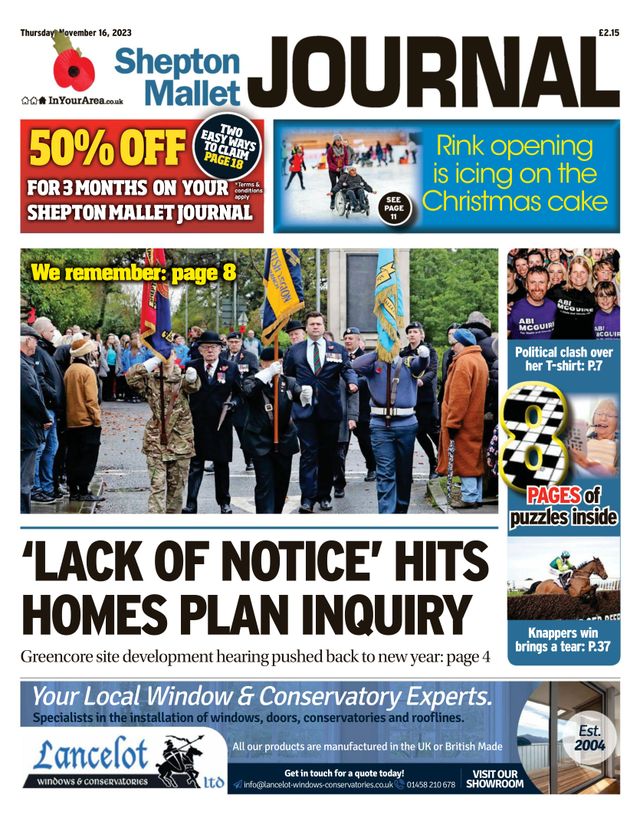 Gå ubegrenset med Magzter GOLD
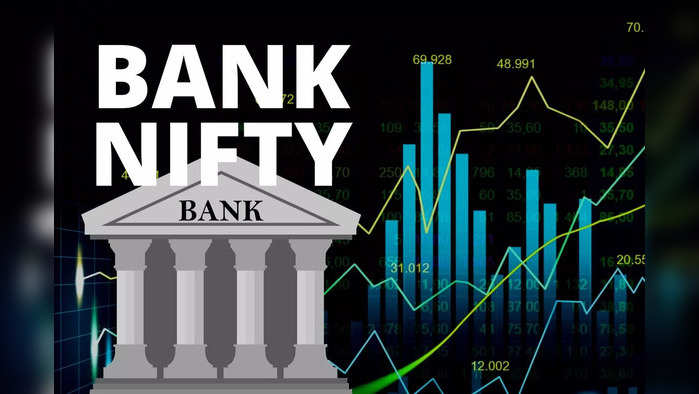 bank stock - et tamil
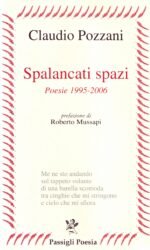 Pensieri sospesi tra prosa e poesia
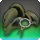 Serpent privates ringbands icon1.png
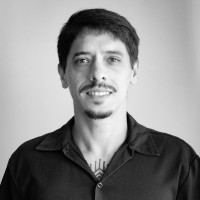 Vitor Prates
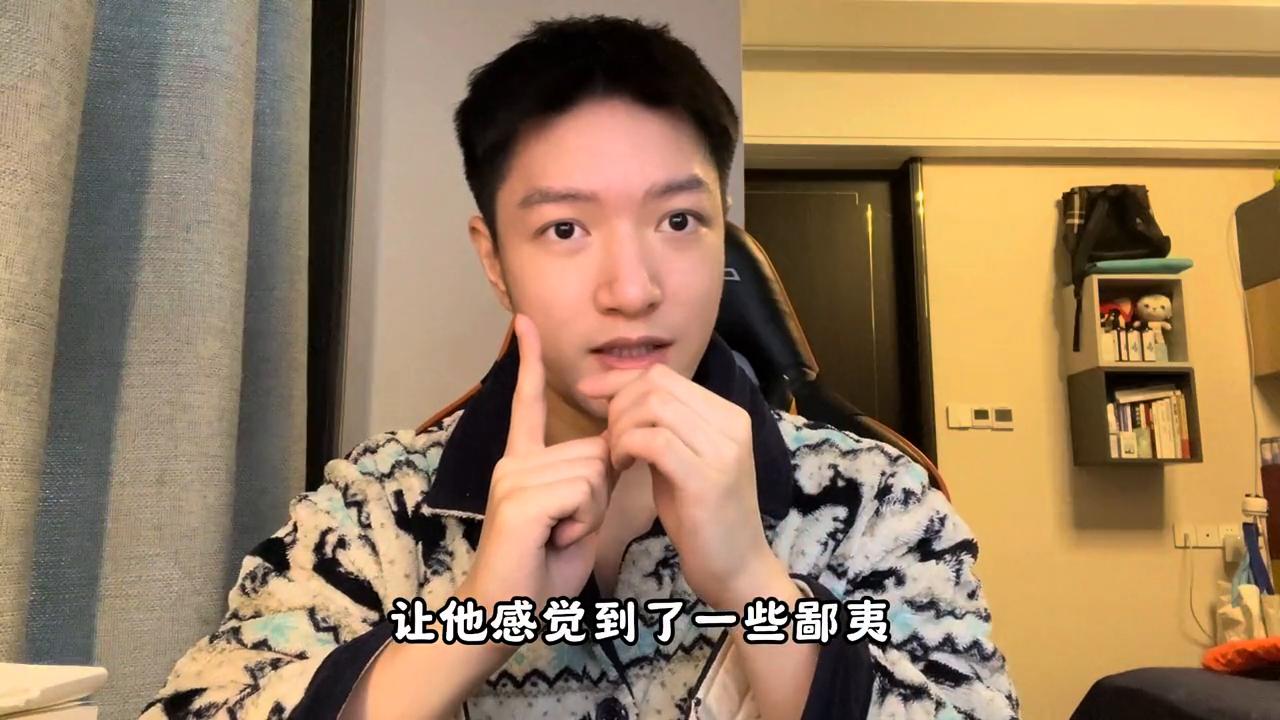 反者道之动在感情上的运用,反者道之动带来的哲学智慧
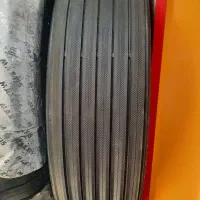 زاپاس فورقونی  پورشه ماکان. بنز G  کلاس(تاشو)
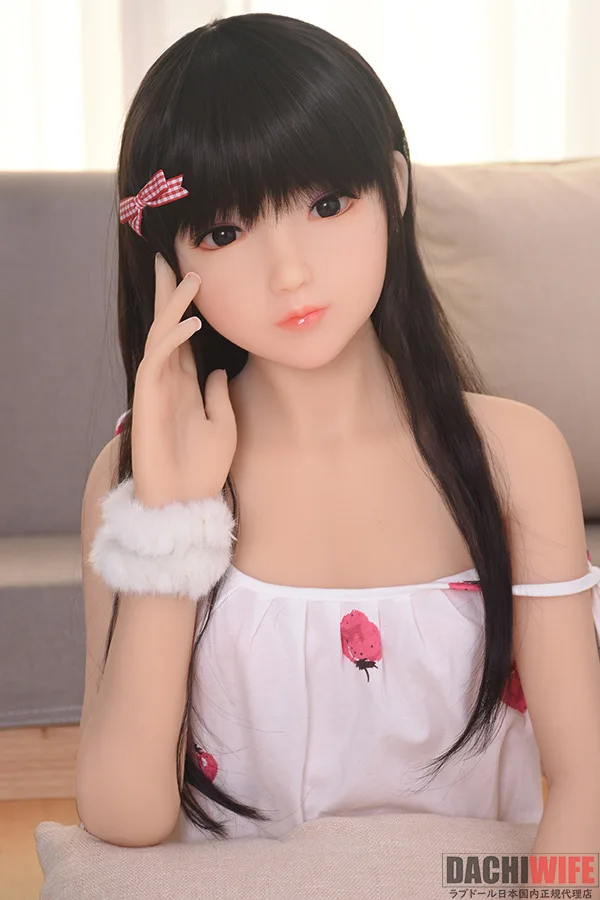 AXB Doll A95 146cm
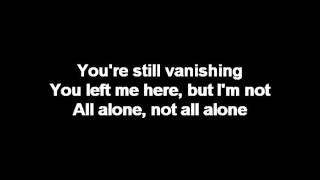 Nine Lashes - Afterglow [Lyrics Video][+Lyrics in Description]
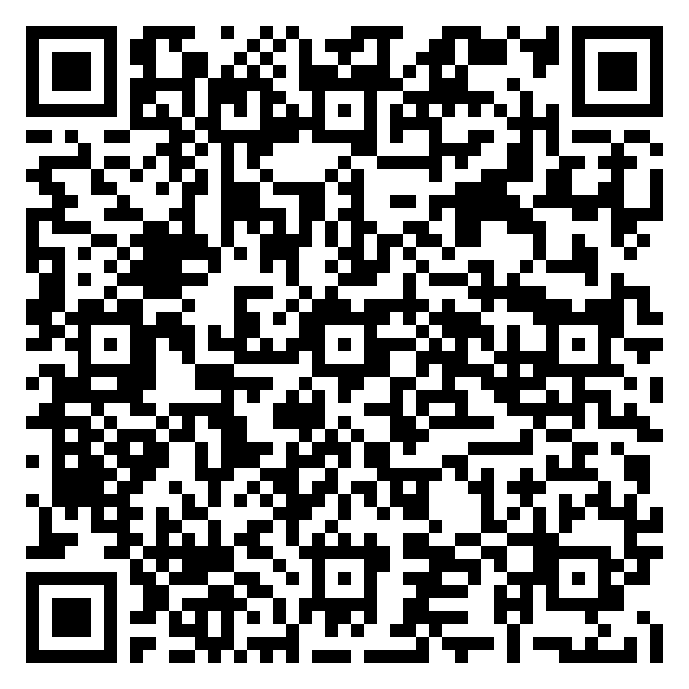 kod QR z danymi kontaktowymi 08040020800000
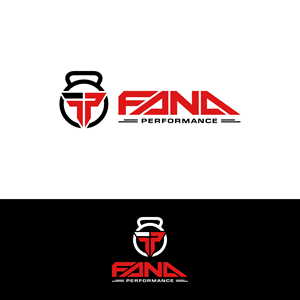 Logo Design by Bione for this project | Design: #37536532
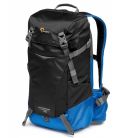 LOWEPRO MOCHILA PHOTOSPORT BP 15L AWIII AZ/NEGRO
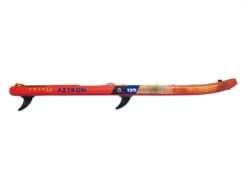 Aztron Soleil Extreme Opblaasbaar Windsurf Board En Kajak -Kota Boten Winkel Afbeelding 10011498 4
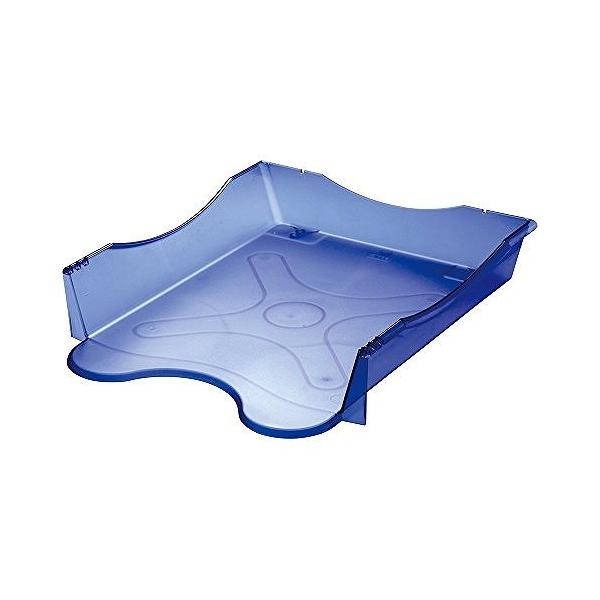 \jbN K^tg[ NAu[ DA-2658-CB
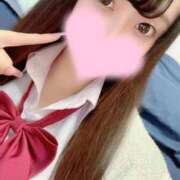 ヒメ日記 2024/12/09 08:16 投稿 みん チューリップ福井別館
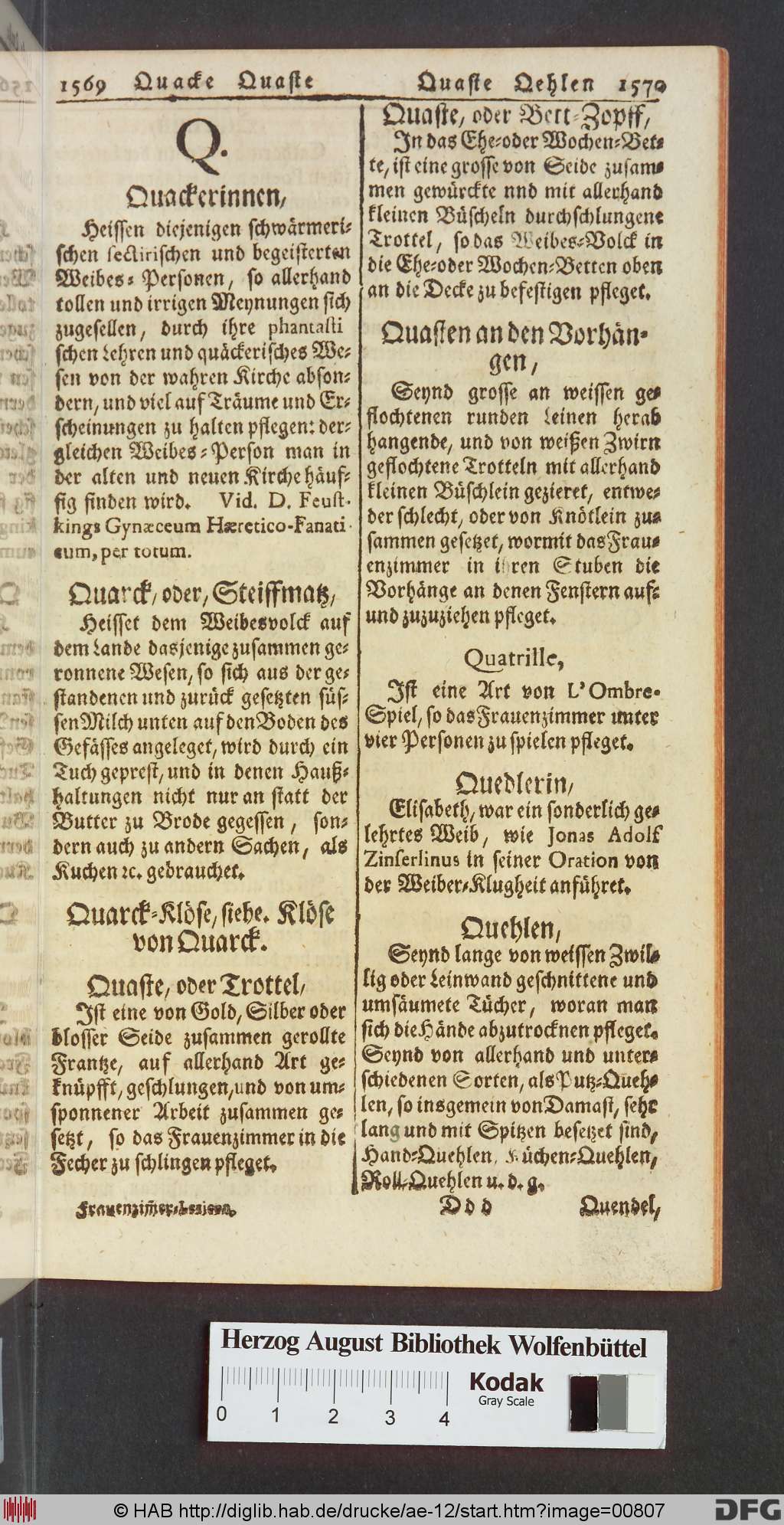 http://diglib.hab.de/drucke/ae-12/00807.jpg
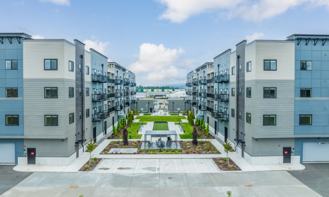 4824 Longhouse Trail Lane NE - Photo 1 of 1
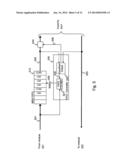 TIME SENSITIVE TRANSACTION OVER AN ASYNCHRONOUS SERIAL LINK diagram and image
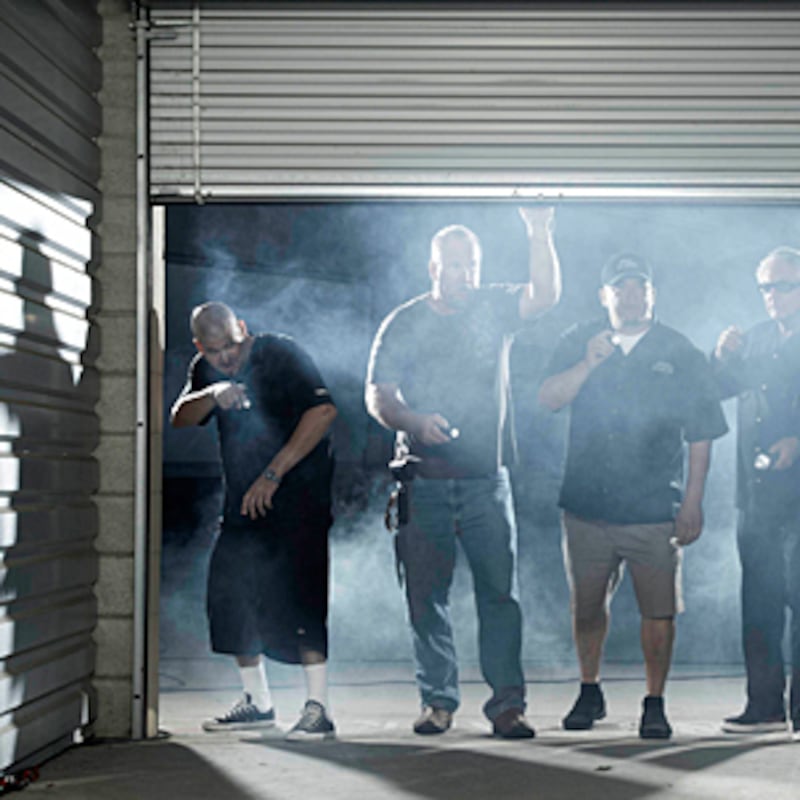 articles/2010/12/02/storage-wars-on-ae-real-life-story/dickey-storage-wars_144704_sf9ty4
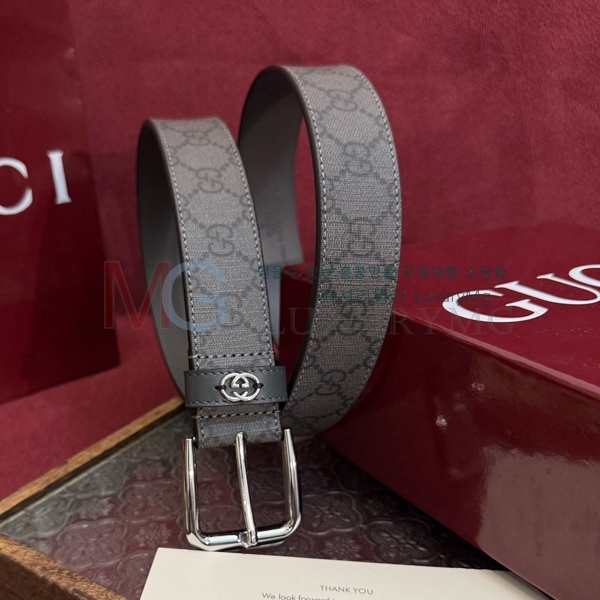 ���� ���� ��Ʈ GG3712492-9 ��3.5cm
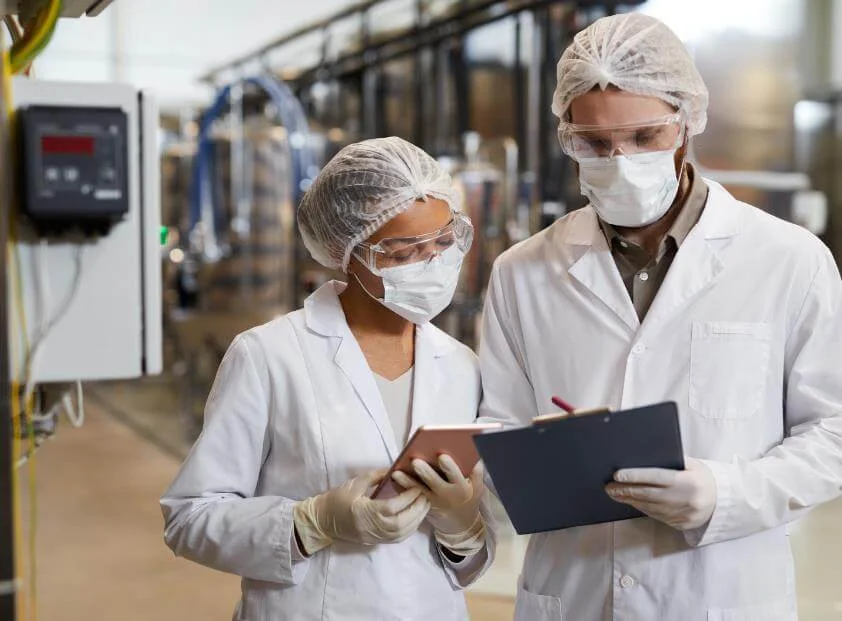 BPV offers validation consulting services in the UK and to Life Science companies in Ireland. BPV consultants are able to make VMP, validation reports and provide validation protocols.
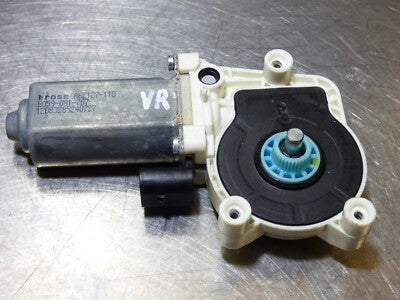 Porsche 981 991 911 718  Fensterhebermotor Motor Fensterheber Rechts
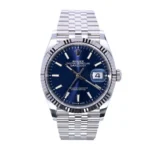 Replica Datejust 126234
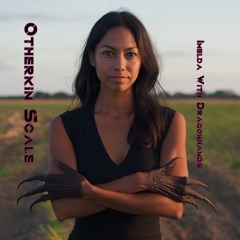 Brood Mother Bravado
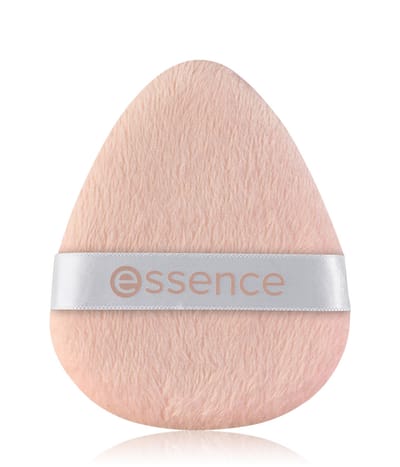 essence Multi-Use Airbrush Blender Gąbka do makijażu 1 szt. 4059729323736 base-shot_pl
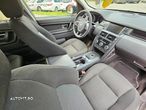 Land Rover Discovery Sport 2.0 l TD4 SE Aut. - 6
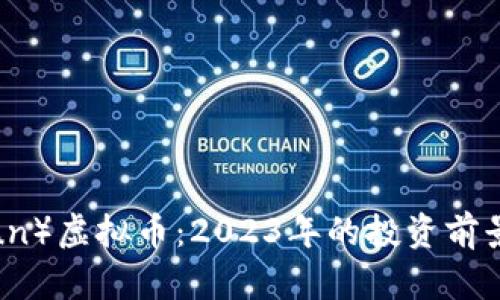 比特云（Bitun）虚拟币：2023年的投资前景与风险解析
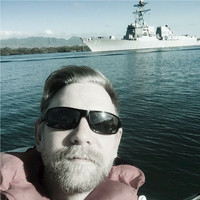 Nicholas Watkins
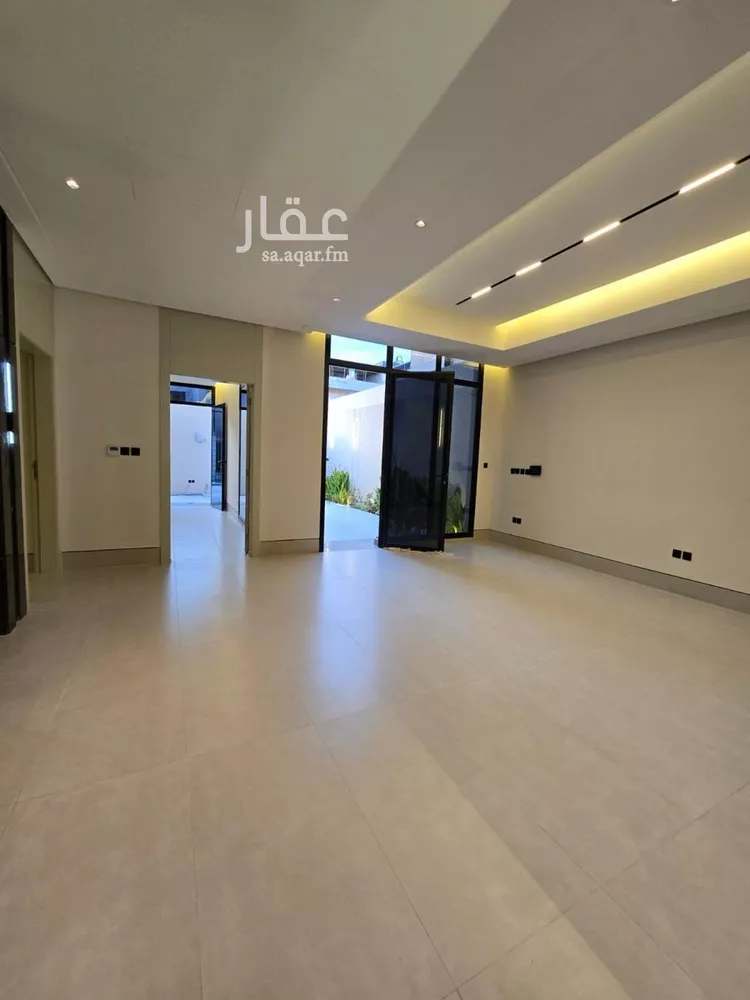 فيلا للبيع في شارع سليمان الحميضي, حي النرجس, مدينة الرياض, منطقة الرياض 25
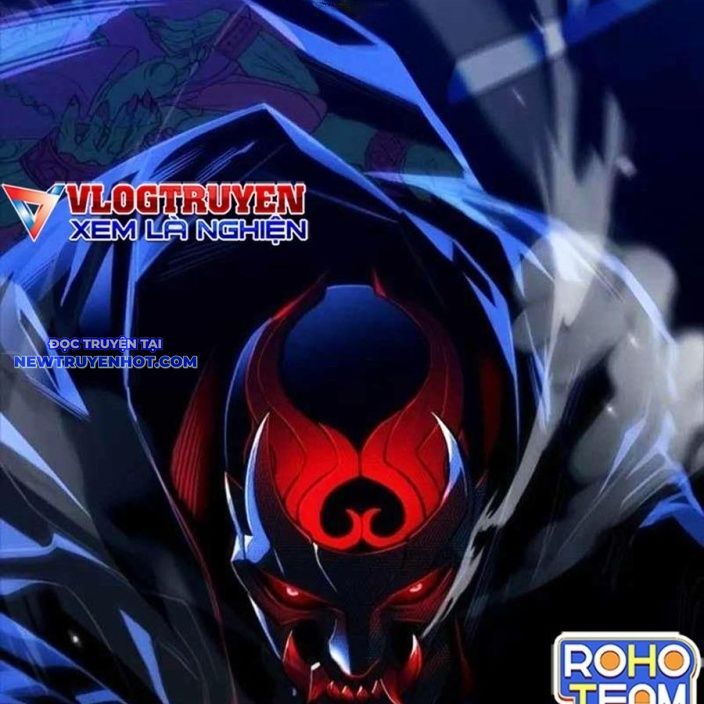 Thực Thi Công Lý Chapter 8 - Trang 2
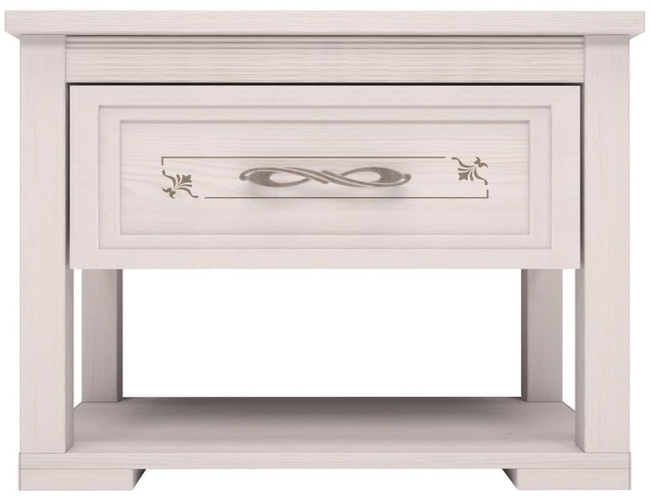 Тумба Афродита 03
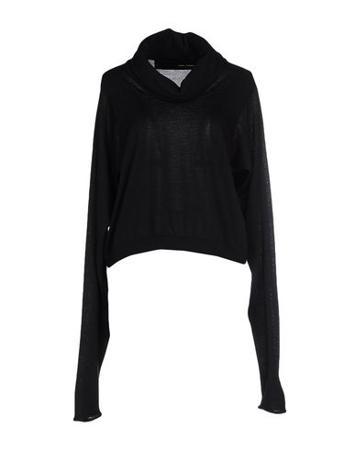 Водолазка ISABEL BENENATO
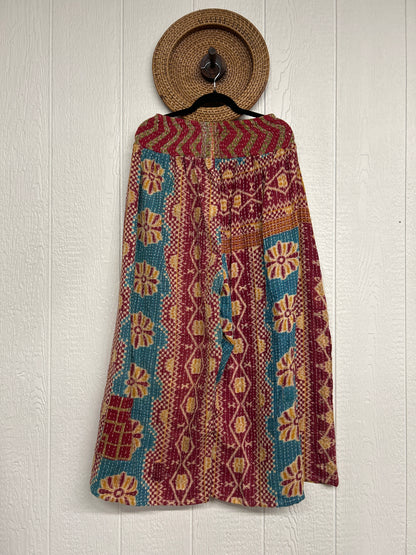 Pareo Kantha Synergy Lounge Pant 0226 216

____________________

- _WHAT IS NEEDED_:
Transcribe exactly the lines from the one with "K^tg[ NAu[ DA-2658-CB" to the last line of the records, both included, so that no picture appears in the copy.

- _ANSWER FOR THIS EXERCISE_:
 \jbN K^tg[ NAu[ DA-2658-CB
 ヒメ日記 2024/12/09 08:16 投稿 みん チューリップ福井別館
 http://diglib.hab.de/drucke/ae-12/00807.jpg
 4824 Longhouse Trail Lane NE - Photo 1 of 1
 TIME SENSITIVE TRANSACTION OVER AN ASYNCHRONOUS SERIAL LINK diagram and image
 articles/2010/12/02/storage-wars-on-ae-real-life-story/dickey-storage-wars_144704_sf9ty4
 ���� ���� ��Ʈ GG3712492-9 ��3.5cm
 BPV offers validation consulting services in the UK and to Life Science companies in Ireland. BPV consultants are able to make VMP, validation reports and provide validation protocols.
 Porsche 981 991 911 718  Fensterhebermotor Motor Fensterheber Rechts
 Replica Datejust 126234
 Brood Mother Bravado
 essence Multi-Use Airbrush Blender Gąbka do makijażu 1 szt. 4059729323736 base-shot_pl
 Land Rover Discovery Sport 2.0 l TD4 SE Aut. - 6
 比特云（Bitun）虚拟币：2023年的投资前景与风险解析
 Nicholas Watkins
 فيلا للبيع في شارع سليمان الحميضي, حي النرجس, مدينة الرياض, منطقة الرياض 25
 Thực Thi Công Lý Chapter 8 - Trang 2
 Тумба Афродита 03
 Водолазка ISABEL BENENATO
 Pareo Kantha Synergy Lounge Pant 0226 216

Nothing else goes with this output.